Gepubliceerd: 9 juli 2014
Indiener(s): Fred Teeven (staatssecretaris justitie en veiligheid) (VVD)
Onderwerpen: burgerlijk recht recht
Bron: https://zoek.officielebekendmakingen.nl/kst-33851-7.html
ID: 33851-7
Origineel: 33851-2

Nr. 7 NOTA VAN WIJZIGING

Ontvangen 9 juli 2014

Het voorstel van wet wordt als volgt gewijzigd:

A

Onderdeel A van artikel 11 wordt als volgt gewijzigd:

a. Voor de tekst wordt de aanduiding «1» geplaatst.

b. Er wordt een lid toegevoegd, luidende:

2. Voor de toepassing van deze titel wordt verstaan onder het Haags Erfrechtverdrag 1989: het op 1 augustus 1989 te ’s-Gravenhage tot stand gekomen Verdrag inzake het recht dat van toepassing is op erfopvolging (Trb. 1994, 49).

B

Onderdeel C (nieuw) van artikel 11 komt te luiden:

In artikel 150, tweede lid, wordt «het verdrag» vervangen door: het Haags Erfrechtverdrag 1989.

C

Onderdeel E van artikel 11 komt te luiden:

Artikel 152 wordt gewijzigd als volgt:

1. Het eerste lid komt te luiden:

1. De artikelen 147 en 148 zijn van toepassing op de erfopvolging van personen wier overlijden na 1 oktober 1996 heeft plaatsgevonden.

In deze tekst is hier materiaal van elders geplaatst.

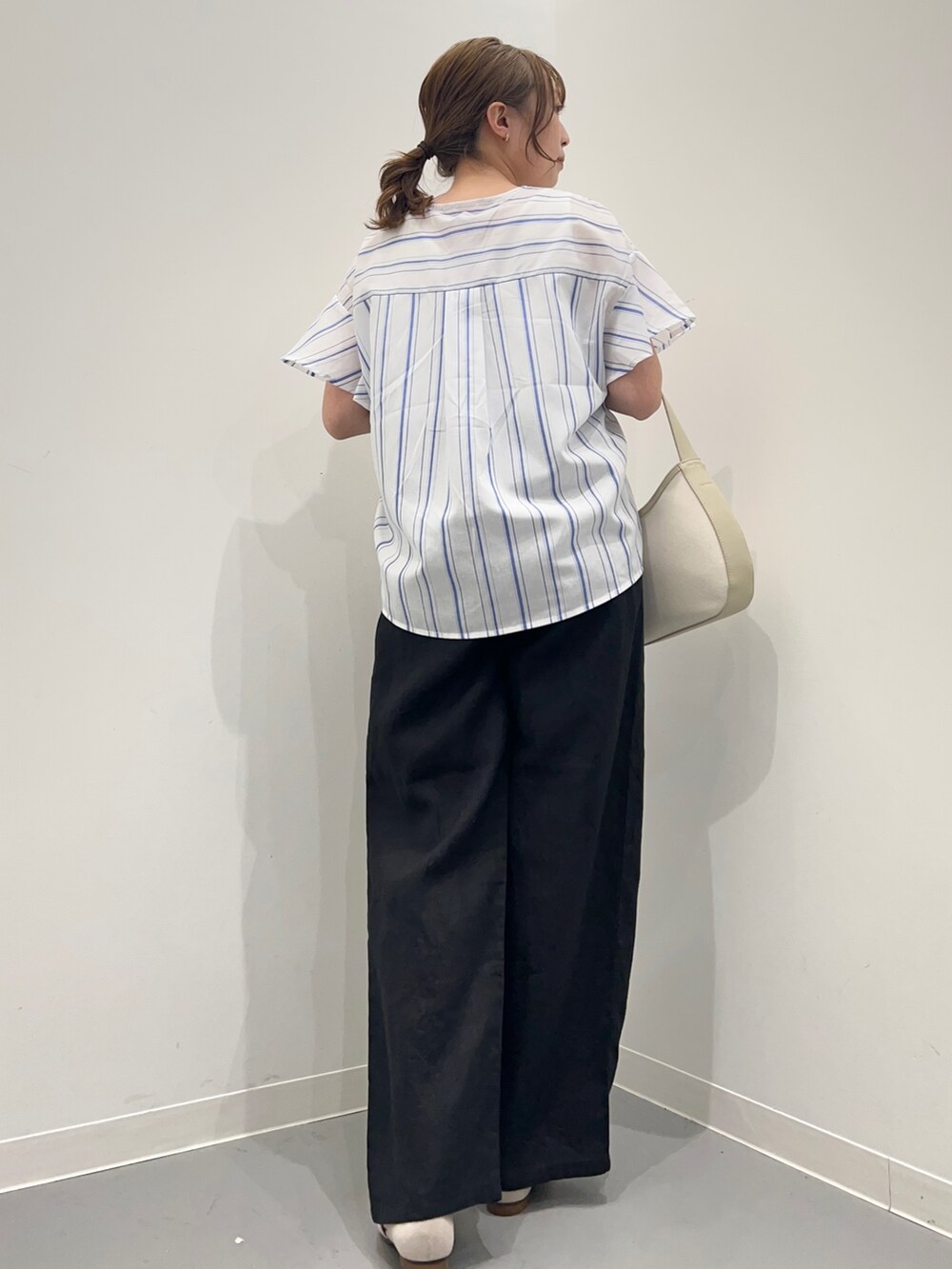 ブルー系のシャツ/ブラウス、ブラック系のその他パンツ、ベージュ系のハンドバッグを着用したレディースの春コーディネートの6枚目の写真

Op de erfopvolging van personen wier overlijden op of na 17 augustus 2015 heeft plaatsgevonden is artikel 147 alleen van toepassing als het vermogensbestanddeel waarop de verrekening betrekking heeft, ligt in een staat die niet gebonden is door de verordening erfrecht.

2. Na het vierde lid wordt een lid toegevoegd, luidende:

5. De artikelen 149 en 150 zijn uitsluitend van toepassing op de erfopvolging van personen wier overlijden na 1 oktober 1996 en vóór 17 augustus 2015 heeft plaatsgevonden.

Toelichting

Zoals in de nota naar aanleiding van het verslag is aangekondigd, betreffen de wijzigingen het ongedaan maken van de schrapping van de citeertitel van het op 1 augustus 1989 te ’s-Gravenhage tot stand gekomen Verdrag inzake het recht dat van toepassing is op de erfopvolging in Boek 10 BW (Haags Erfrechtverdrag 1989) en de expliciete vermelding in artikel 10:152 BW dat in het kader van de erfopvolging van personen die na 17 augustus 2015 overlijden artikel 10:147 BW alleen kan worden toegepast als het vermogensbestanddeel waarop de verrekening betrekking heeft in een derde staat – een staat die niet gebonden is door de verordening erfrecht – is gelegen.